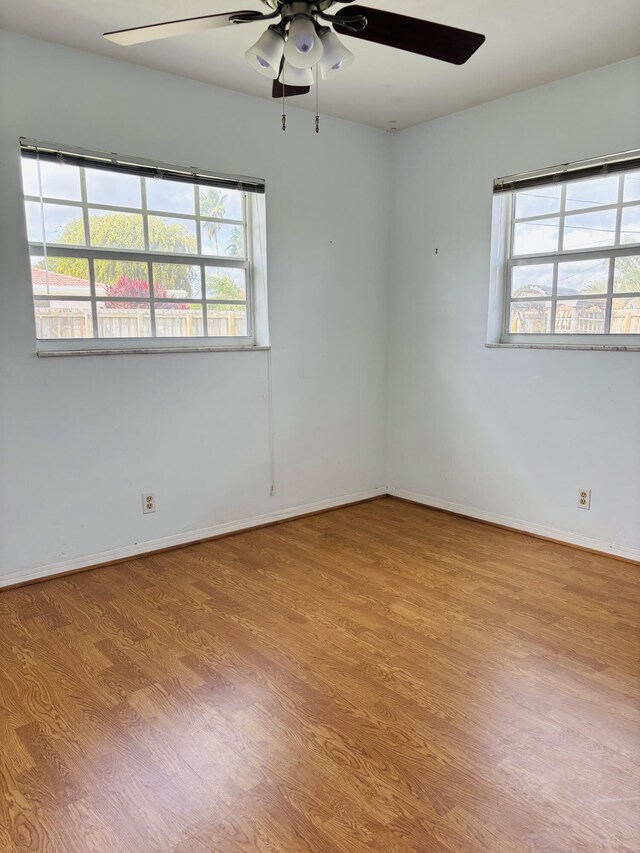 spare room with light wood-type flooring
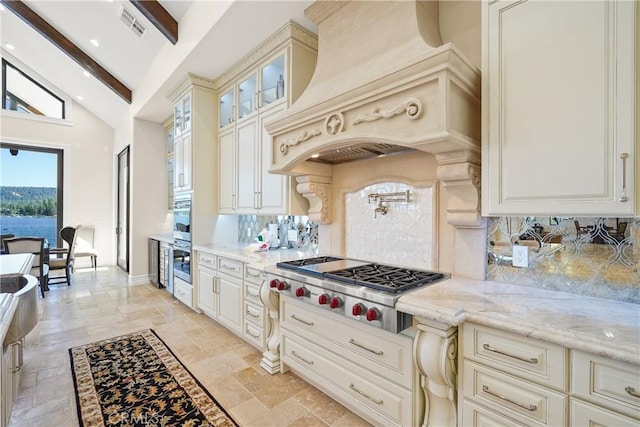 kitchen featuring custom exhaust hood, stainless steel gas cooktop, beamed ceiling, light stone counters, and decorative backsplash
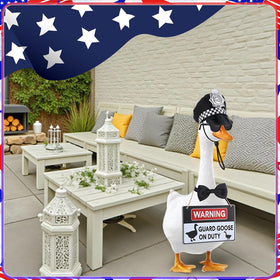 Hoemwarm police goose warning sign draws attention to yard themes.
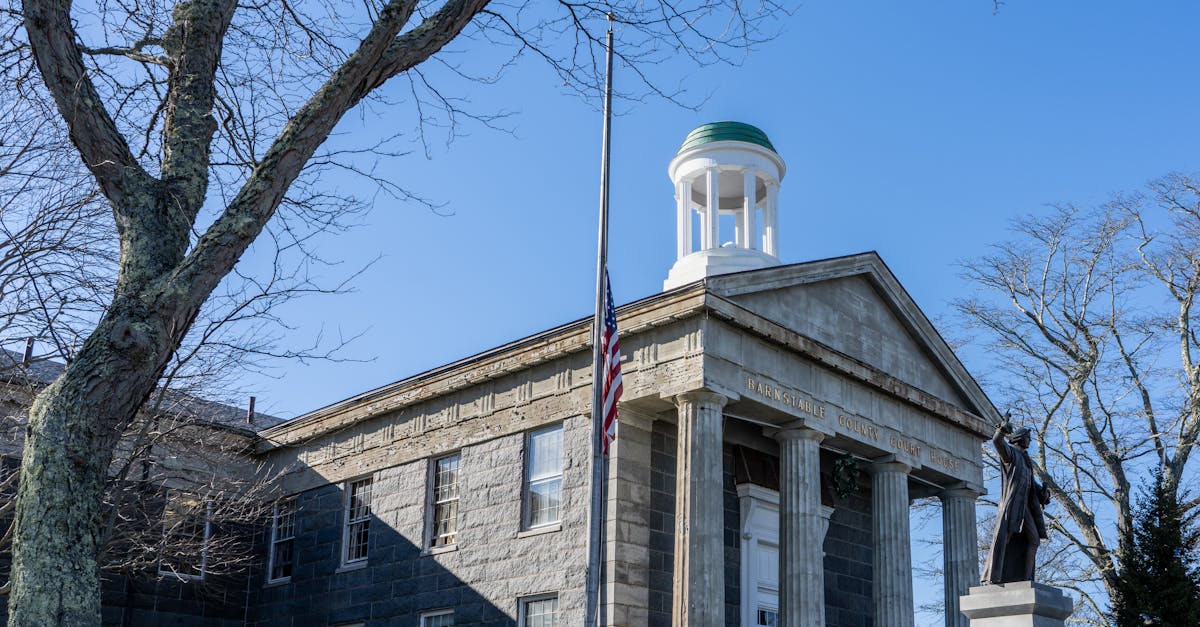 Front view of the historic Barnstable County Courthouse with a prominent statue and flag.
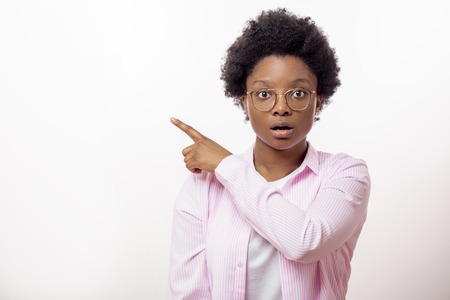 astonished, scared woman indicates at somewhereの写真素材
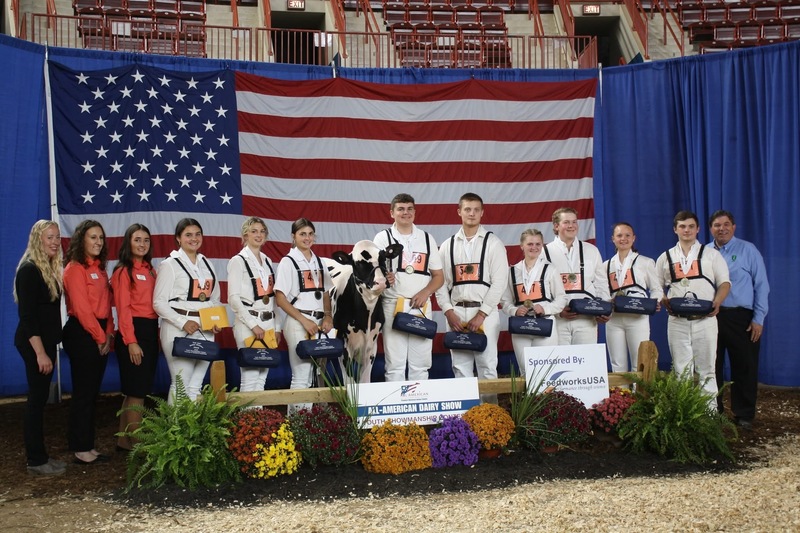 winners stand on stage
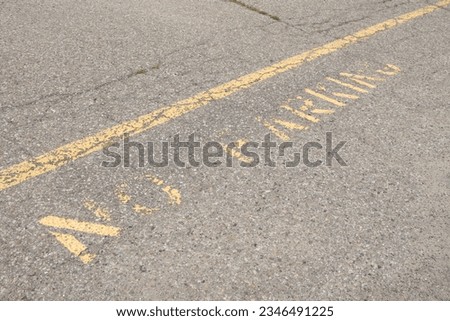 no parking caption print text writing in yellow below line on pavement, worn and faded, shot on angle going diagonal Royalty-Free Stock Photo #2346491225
────
**DIRECTIONS FOR THIS TASK:** No picture belongs in the answer, but every word of the records above does, exactly as given.

**RESPONSE:**
 spare room with light wood-type flooring
 kitchen featuring custom exhaust hood, stainless steel gas cooktop, beamed ceiling, light stone counters, and decorative backsplash
 Hoemwarm police goose warning sign draws attention to yard themes.
 Front view of the historic Barnstable County Courthouse with a prominent statue and flag.
 astonished, scared woman indicates at somewhereの写真素材
 winners stand on stage
 no parking caption print text writing in yellow below line on pavement, worn and faded, shot on angle going diagonal Royalty-Free Stock Photo #2346491225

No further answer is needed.